As we mentioned in the weekend preview, the Kentucky offense has been among the best in the country, and the Gamecock pitching staff did a pretty decent job in limiting them to just 4.67 runs to game. But, as John Whittle pointed out on his Twitter feed, one of the keys to the series was the dominance of the Kentucky bullpen:
That 5 ER difference accounts for the run differential in the series. In fact, the bullpen blew leads in each of the three games. The Gamecock bullpen has been utterly dominant in every other series so far this year, so this was a bit of a surprise. I don't expect it to be a problem going forward, and we probably wouldn't even be having this conversation if South Carolina had been able to come up with just a few more big hits in key moments. (Although Ethan Carter's arrest for "drunkenness" and subsequent suspension don't help matters.)
Matt Price pitched into the seventh inning for the first time this season but only recorded one out and ended up being charged with the two runs that put Kentucky ahead for good. His line for the day was 5 K, 3 BB, 7 H, 3 HBP, 4 RA. Sure, one of those walks was and runs came from an IBB, but this was not an incredibly effective outing for Mr. Price. And as we looked across at Kentucky and their ability to effectively end a game whenever they decided to bring in Trevor Gott, I couldn't help but wonder if Ray Tanner might have begun to long for the days where we could shorten any game by just finding a way to get the ball into Matt Price's hands.
The Gamecocks actually outhit the Wildcats 31-26 despite getting swept. The stats-based school of thought would suggest that the distribution of those hits will eventually even out in such away that a few more runs will be driven in and a tightly fought series like this one could easily swing in our favor in the future. Another school of thought might be that the Gamecocks just aren't as "clutch" as they've been in the past couple of years. Personally, I think it's a combination of the former and the fact that this team just isn't as good at hitting baseballs as the 2010 and 2011 editions were.
I think the outcomes will improve as we get into the season and Ray Tanner gets more settled on a starting lineup. The discovery of Erik Payne at second base has been huge. The sophomore had another excellent weekend, going 6 for 11 with a homerun to bring his season line to .419/.441/.710.
Joey Pankake appears to have grabbed back at least a share of the starting shortstop role. He got the start in the place of Connor Bright on both Saturday and Sunday after coming in as a defensive replacement late in Friday's loss. He made a couple of nice plays, including a running catch in shallow center that likely saved a run or two. He hasn't developed a lot of power yet, but a shortstop who can get on base at a .375 clip is something that this team could really use, so it's good that he seems to have gotten past some of those early season jitters in the field.
That leaves the only offensive sinkholes as right and left field, where Adam Matthews is having an unexpectedly putrid senior campaign (.200/.286/.273) and Tanner English is hitting a "meh" (.282/.338/.324).
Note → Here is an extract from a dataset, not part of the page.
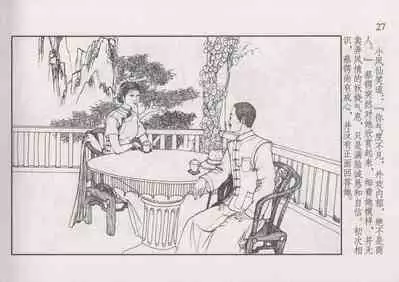 史上名妓 风尘侠女-小凤仙（辜国兴 2013年11月）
That wouldn't be a terrible line for a guy playing up the middle, but you need some power production from your corner outfield spots. There have, however, been some positive signs with English, as he did not strike out once in ten plate appearances this weekend. He still leads the team with 15 Ks, but it is encouraging that his approach seems to be maturing as the season wears on.
Getting swept in Lexington puts South Carolina's back against the wall heading into a home series with Florida next weekend. (This week, keep an eye on whether Gator ace Karsten Whitson will be ready to go. He's been sidelined with an arm injury for the better part of a month.) The Gamecocks have dug themselves a sizable hole by starting out 0-3 in the SEC, but this is a team that should improve as we get deeper into the season, and - as we've learned with this program so many times before - all we really need to do is get to the postseason.
The Florida series begins on Thursday after games on consecutive days against Furman and Wofford. The Furman game will be played at Fluor Field in Greenville. It will be interesting to see how/if playing games on five consecutive days affects the Gamecock pitching staff.